The advocacy and passion of the post-War French Rugby League President, Paul Barriere, in fighting for the creation of the tournament is still recognised in the naming of the Rugby League World Cup trophy after him.

In doing so, he continued a long tradition of international sports organisation from within France – particularly as reflected in soccer with the creation of the FIFA World Cup and the European Football Championships, all being the work of Frenchmen.

The disgraceful historical attempts to wipe rugby league from the French sporting landscape have been documented elsewhere, and nowhere in the rugby league world is the game pursued with a more vigorous ardour, nor has it faced such monumental obstacles to its existence.

That France was allowed to go from the preeminent national rugby league team in the 1950s to also-rans by the 1990s was a product of rugby union interference (the Vichy ban), governmental obsequiousness to shady rugby union influence (the Protocol), and a steady decline in playing numbers and visibility on the sporting landscape directly caused by both.

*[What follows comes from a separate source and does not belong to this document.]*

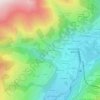 Mappa topografica Le Villaret, altitudine, rilievo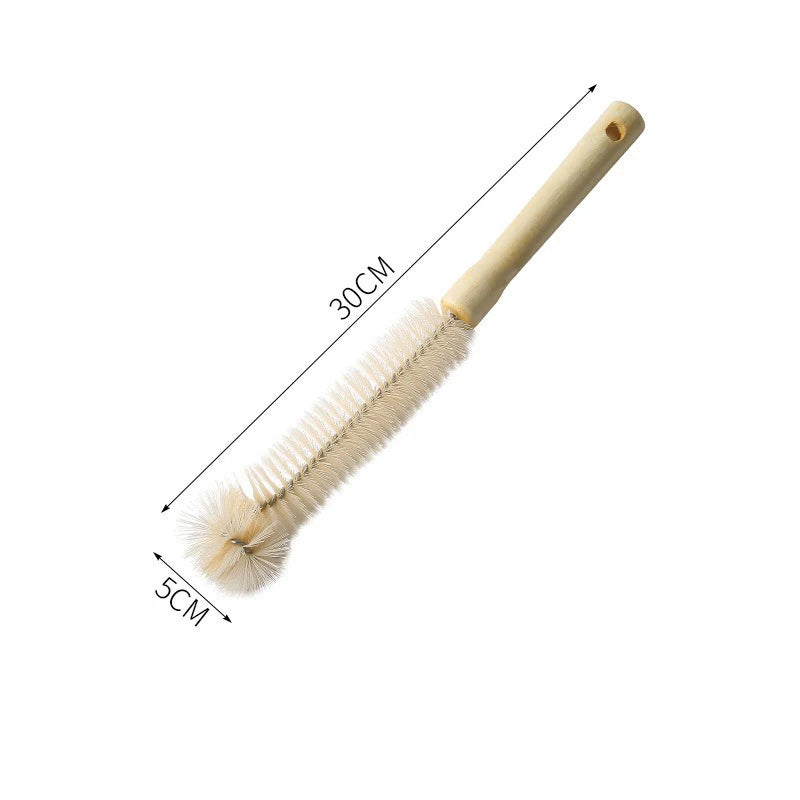 Wooden Long Handle Bottle Cleaning Brush – Eco-Friendly Bottle Cleaning Brush Babs 1pcs-S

Rugby league in France still has a valid claim for reparations against both rugby union and the French government dating back to 1940.

Despite directly benefiting from its acts to destroy rugby league, French rugby union (embodied in the current FFR body) has never acknowledged its war-time atrocities, nor has it apologised for them, much less repaid the millions of Francs that were stolen from rugby league in 1940 and 1941.

Valuable records of the game were also destroyed when the then French rugby league headquarters was burned down in an act of arson bearing frightening similarities to the actions of totalitarian governments of the time.

For the game of rugby league to have survived such vicious acts demonstrates that the flame that burns for the game in France will not be extinguished lightly.

Few if any sports in the world have been subject to such malevolence for merely daring to exist.

The decision to award the 2025 tournament to France is a well overdue recognition of this once formidable rugby league force and its historical contribution to the game.